4.The fourth step tends to be a decrease in church attendance. You wake up one Sabbath and say, “ Oh it’s such a beautiful day; lets go to the mountains.” Now you may on occasion have a very good reason to skip church. But as part of the process of secular drift, slippage in church attendance becomes a very public indication that the earlier steps in the process have become quite advanced. Slippage in attendance is usually quite gradual. First you miss once a month, then twice a month, and then you start coming only every other month. Finally, church attendance just seems to be more trouble than it is worth. After a while you don’t even miss it.

5. The fifth step in becoming secular is to begin to doubt the Bible itself: to doubt the afterlife, to doubt whether there really is a God. You pick up the Bible, and it’s as if a voice in your head is saying, “What are you reading this for? It is just ink on a page. This is a book like any other book.” That is secularism. That is the result of the natural influence of our society, which leads us away from God and a believing relationship with His Word.

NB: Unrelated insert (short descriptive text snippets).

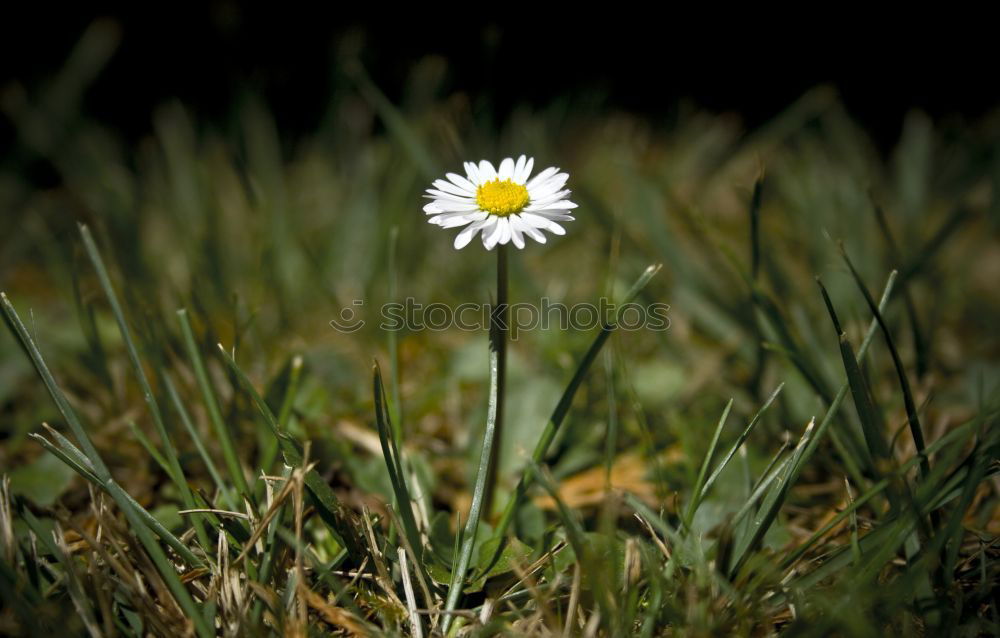 Similar – Gänseblume Gänseblümchen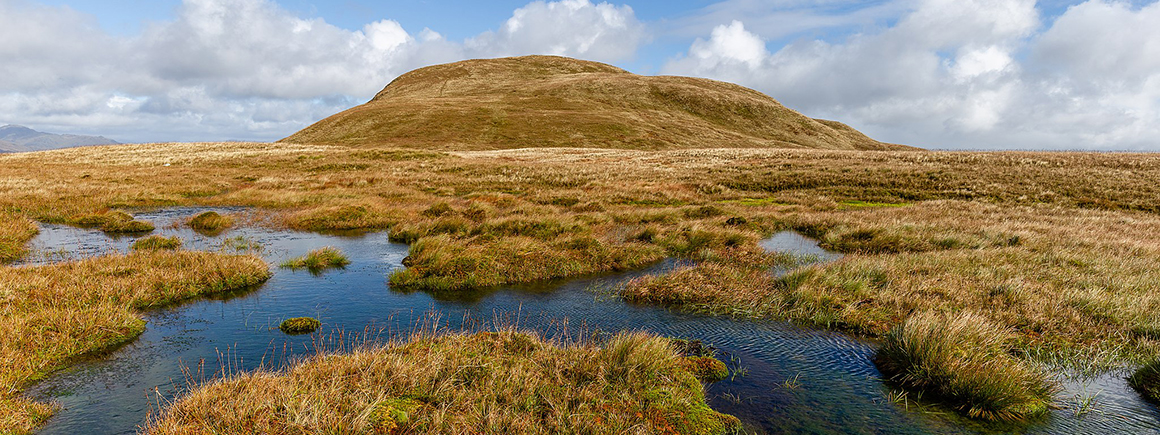 A Scottish peat bog under a blue and cloudy sky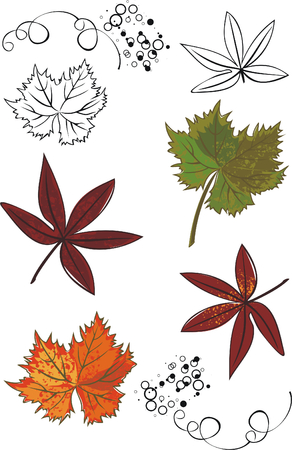 autumn leavesのイラスト素材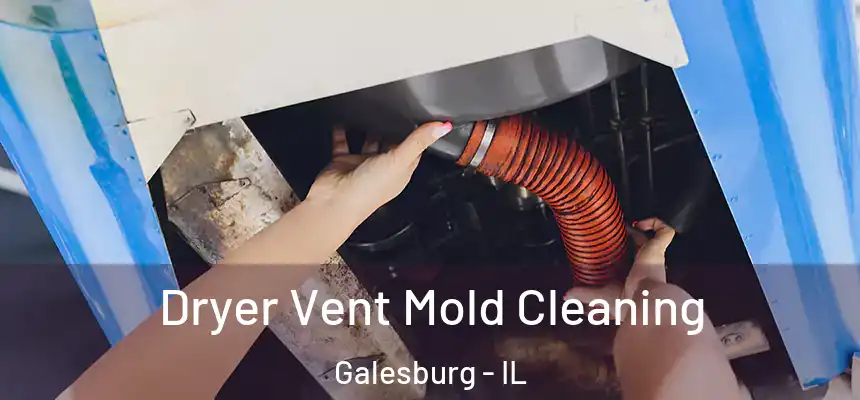 Dryer Vent Mold Cleaning Galesburg - IL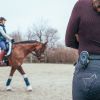 Ceecoach + Seaver communication bluetooth 16 cavaliers équitation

6. The sixth and the final step in the process of secular drift is an increasing distrust of institutions. This includes a lack of loyalty to religious institutions of any kind- e.g., the institutions and authority structures of the SDA church. “No one can tell me what to believe. Nobody can tell me what to do.” Disrespect for religious authority, whether one recognize it or not, is the natural outgrowth of contingency, autonomy, and relativity, the philosophical products of the secularization process.

N.B: Secular drift does not always take place in the exact order described above but that is the most typical order in which the process occurs, usually over a fairly lengthy period of time.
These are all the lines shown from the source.